RECORDS FOR THE EXERCISE -
● ● ● ● ●

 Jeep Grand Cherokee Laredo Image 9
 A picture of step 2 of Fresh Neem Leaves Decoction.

● ● ● ● ●

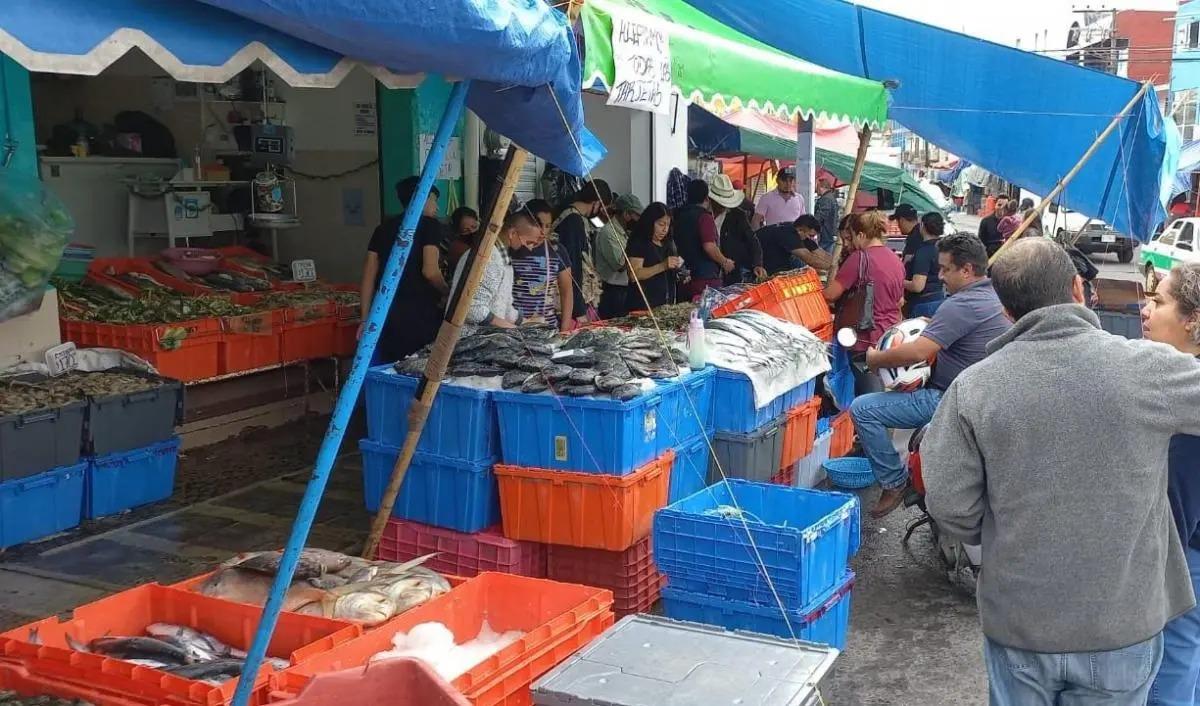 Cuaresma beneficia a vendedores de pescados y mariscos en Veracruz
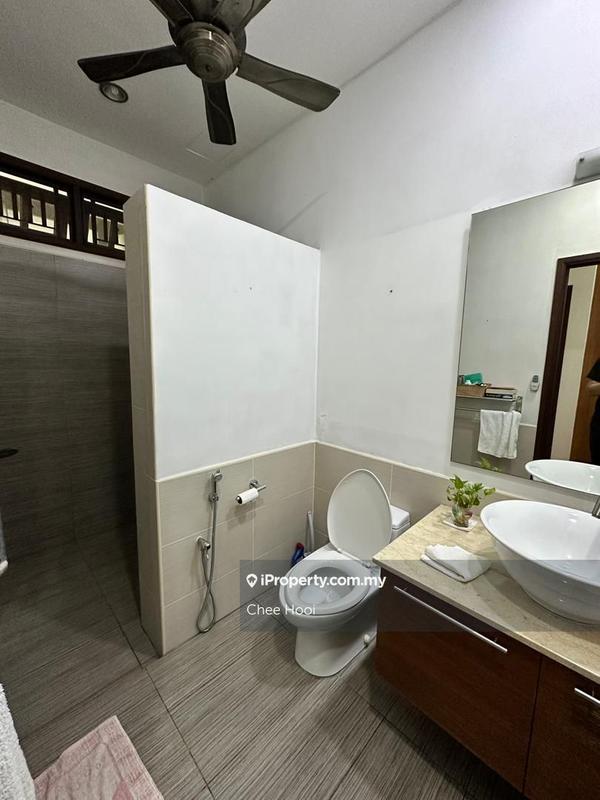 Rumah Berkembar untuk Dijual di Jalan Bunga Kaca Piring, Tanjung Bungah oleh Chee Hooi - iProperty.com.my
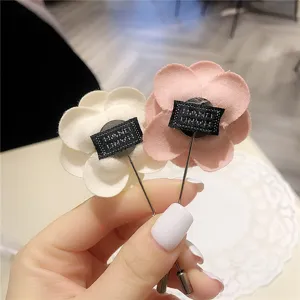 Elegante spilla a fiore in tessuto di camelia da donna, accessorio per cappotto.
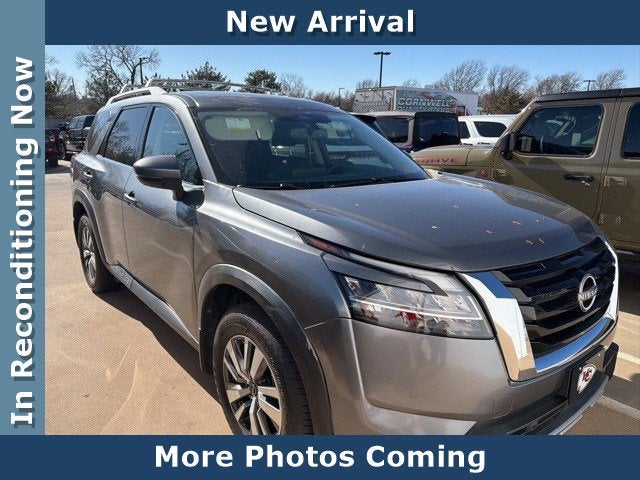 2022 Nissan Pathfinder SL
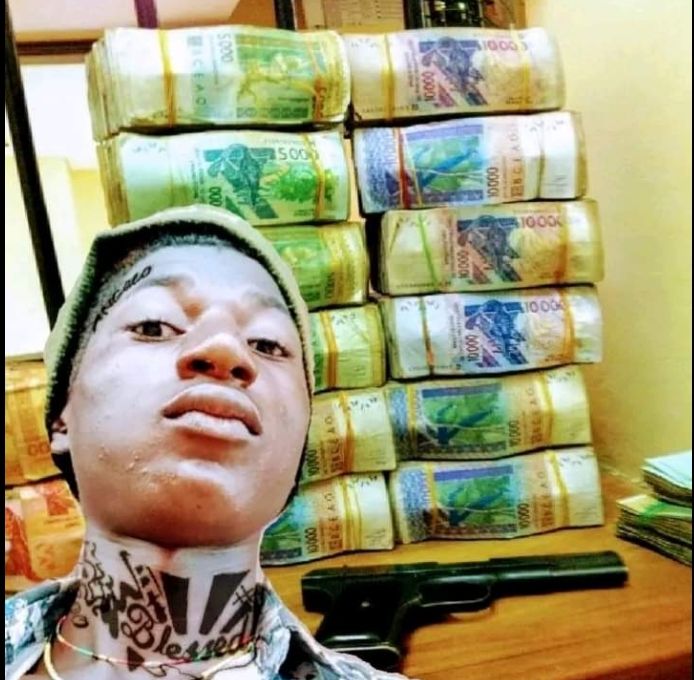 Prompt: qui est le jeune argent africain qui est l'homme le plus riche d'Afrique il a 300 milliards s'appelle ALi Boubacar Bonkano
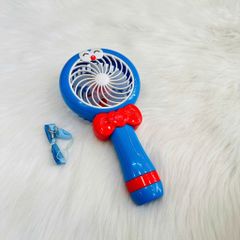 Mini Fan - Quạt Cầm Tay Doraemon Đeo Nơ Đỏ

● ● ● ● ●

WHAT IS BEING ASKED - Only the lines above starting at the one containing "Jeep Grand Cherokee Laredo Image 9" and ending at the one containing "A picture of", both included, are to be returned, exactly as they read.

SOLUTION FOR THIS PROBLEM -
 Jeep Grand Cherokee Laredo Image 9
 A picture of step 2 of Fresh Neem Leaves Decoction.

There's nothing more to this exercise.